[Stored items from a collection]
*** Block opens ***

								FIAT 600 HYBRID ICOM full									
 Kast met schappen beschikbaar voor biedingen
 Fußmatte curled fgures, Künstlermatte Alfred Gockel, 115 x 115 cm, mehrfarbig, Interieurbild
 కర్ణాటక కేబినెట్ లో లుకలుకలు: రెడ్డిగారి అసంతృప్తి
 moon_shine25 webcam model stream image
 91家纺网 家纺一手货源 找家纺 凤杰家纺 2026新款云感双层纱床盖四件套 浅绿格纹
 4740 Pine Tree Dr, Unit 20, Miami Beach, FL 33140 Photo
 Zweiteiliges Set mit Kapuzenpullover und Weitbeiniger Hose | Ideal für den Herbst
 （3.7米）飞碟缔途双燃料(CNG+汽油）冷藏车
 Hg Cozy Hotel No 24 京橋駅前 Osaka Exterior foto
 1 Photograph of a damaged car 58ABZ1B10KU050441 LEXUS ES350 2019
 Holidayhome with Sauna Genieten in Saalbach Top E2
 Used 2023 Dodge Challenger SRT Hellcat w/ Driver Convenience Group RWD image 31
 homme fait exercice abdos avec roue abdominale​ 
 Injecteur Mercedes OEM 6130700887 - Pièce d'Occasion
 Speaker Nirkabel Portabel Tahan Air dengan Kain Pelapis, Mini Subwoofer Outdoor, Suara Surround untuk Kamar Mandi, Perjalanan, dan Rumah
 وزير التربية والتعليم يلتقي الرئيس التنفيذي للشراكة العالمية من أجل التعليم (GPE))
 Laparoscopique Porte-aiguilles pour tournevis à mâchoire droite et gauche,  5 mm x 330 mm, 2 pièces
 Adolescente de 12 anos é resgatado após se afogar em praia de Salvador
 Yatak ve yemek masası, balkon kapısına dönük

*** Block closes ***

_WHAT THE TASK REQUIRES_
Where a line of the records includes "image", copy it.

_ANSWER BOX_
 moon_shine25 webcam model stream image
 Used 2023 Dodge Challenger SRT Hellcat w/ Driver Convenience Group RWD image 31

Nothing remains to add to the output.